Exercise data —
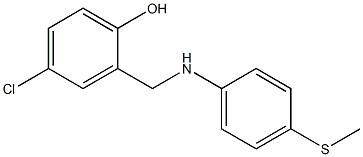 4-chloro-2-({[4-(methylsulfanyl)phenyl]amino}methyl)phenol Struktur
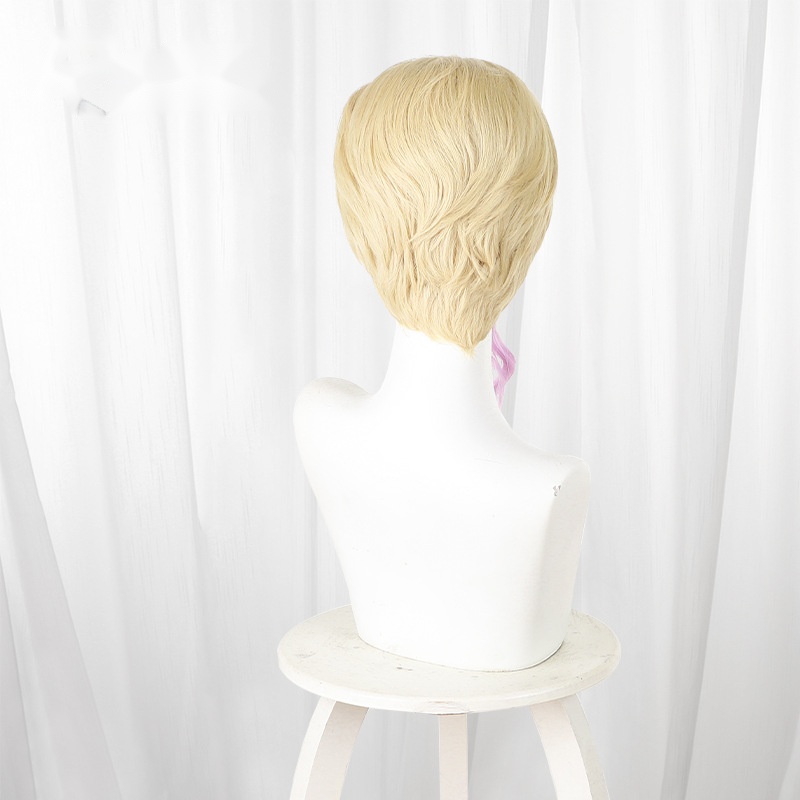Gazelle Gradient Short Teased Cosplay Wig for Zootopia 2 - 410L - Image 4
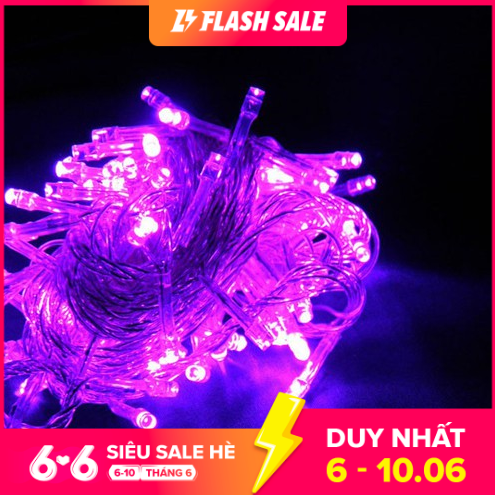 [Đón Noel Tết] Dây Đèn Nhấp Nháy 5m Nhiều Màu. Dây đèn nhiều màu cho bạn lựa chọn.Công suất : 1.8w đến 4,8w cho 1 bộ dây đèn (N007)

Work instruction — With the images omitted, return the full material exactly.

The completed task —
 4-chloro-2-({[4-(methylsulfanyl)phenyl]amino}methyl)phenol Struktur
Gazelle Gradient Short Teased Cosplay Wig for Zootopia 2 - 410L - Image 4
 [Đón Noel Tết] Dây Đèn Nhấp Nháy 5m Nhiều Màu. Dây đèn nhiều màu cho bạn lựa chọn.Công suất : 1.8w đến 4,8w cho 1 bộ dây đèn (N007)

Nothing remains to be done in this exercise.